レモンティーを溶かしたような風景は、伊達のマンションのベランダから見ると清々するほど美しい。

ベランダが高層だったから、それは一層だった。



「…伊達さん、私のことは気にしないでいいですから」


ベランダで手すりに寄りかかりながら、彼女は隣の男に言った。
外気で冷えたそれはひどく冷たい。



「んー?」

「ですから…タバコ。煙は気にしませんから、室内で吸って下さい。寒いでしょう?」


返事の代わりに、伊達は口をぽっかりと開ける。
丸い煙の塊がふわりと夜空へ浮かび、消えていった。


「じゃあ君が中に入っていなさい。風邪引くよ」


そう言って彼は、微かに唇を笑ませた。

傍目にはアキを思いやっているように聞こえるが、これは彼女が自分から離れないだろうと確信したうえでの言葉。
言われても自分の横からアキが離れないのを見て、自分への情を実感したいのだ。



「でも、良かったんですか。せっかくの絵を伊達さんの部屋に飾ってもらって」

「そもそも、部屋に飾るようなスペースが無いって言ったのは君だろう」

「…そうですけど」

「絵が見たいなら、私のところへ来ればいいだけの話だ」


そう言って、伊達は再びタバコを大きく吸い込む。
赤い火が一瞬強く光り、バニラの甘い匂いが広がっていく。

アキはふと、ベランダからリビングへ目をやった。
さきほど見せた最新号を、彼は喜んでくれた。「どうせなら思いっきり悪く書いてもらっても構わなかったのに」と暴言を吐きながら。

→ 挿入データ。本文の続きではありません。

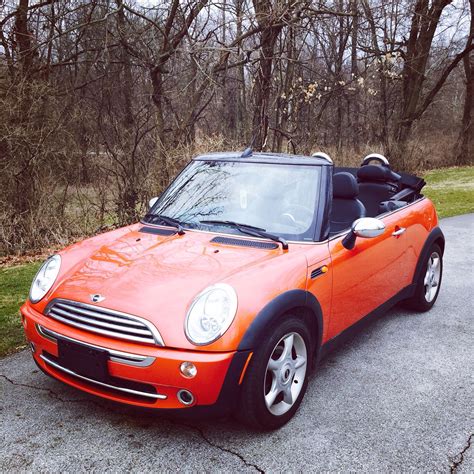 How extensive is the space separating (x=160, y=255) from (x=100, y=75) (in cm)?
1041

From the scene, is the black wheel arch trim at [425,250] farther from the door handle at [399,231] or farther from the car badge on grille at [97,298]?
the car badge on grille at [97,298]

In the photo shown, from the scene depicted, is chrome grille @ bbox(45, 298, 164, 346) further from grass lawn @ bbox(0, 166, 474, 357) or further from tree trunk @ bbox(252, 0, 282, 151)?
tree trunk @ bbox(252, 0, 282, 151)

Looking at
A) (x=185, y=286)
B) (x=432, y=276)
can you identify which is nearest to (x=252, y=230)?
(x=185, y=286)

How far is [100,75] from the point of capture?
40.5ft

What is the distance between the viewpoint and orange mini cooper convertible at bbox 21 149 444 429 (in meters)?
2.61

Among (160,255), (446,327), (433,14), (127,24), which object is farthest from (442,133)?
(160,255)

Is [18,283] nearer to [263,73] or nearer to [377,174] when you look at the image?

「あの絵の解釈は、記事のとおりで良かったでしょうか」


伊達はタバコを咥えたまま、チラと横を見る。



「結局伊達さんから、新作について教えて貰ってませんでしたから…間違った解釈じゃないか心配だったんです」


彼の視線は、再び夕暮れの風景に投げかけられた。


「…間違ってはないね。半分当たっていて、半分外れている」


そして紫煙をくゆらせ、沈黙を挟んだ後に呟く。



「あの絵は、ある女の子をモデルにした。

自分は強いからとつよがって、本心では泣きたくても、周りを気にして泣けない。
守らなきゃならないものばかり気にして、自分を犠牲にしている…。
そういう愚かさに、一種の母性を感じたから…制作意欲が刺激された」


無言の彼女に、伊達は卑しく笑った。


「ああ、そういえば誰かさんに似ているね。偶然だな」



鮮やかな夕日の色が、アキの頬を染める。

それは果たして陽の光なのか、それとも。



「…だから取材中には答えなかったんですね…素直にそのまま記事にされると困るから」

「さあ。何のことだろう」



伊達は喉の奥でクツクツと笑う。どこか楽しそうに。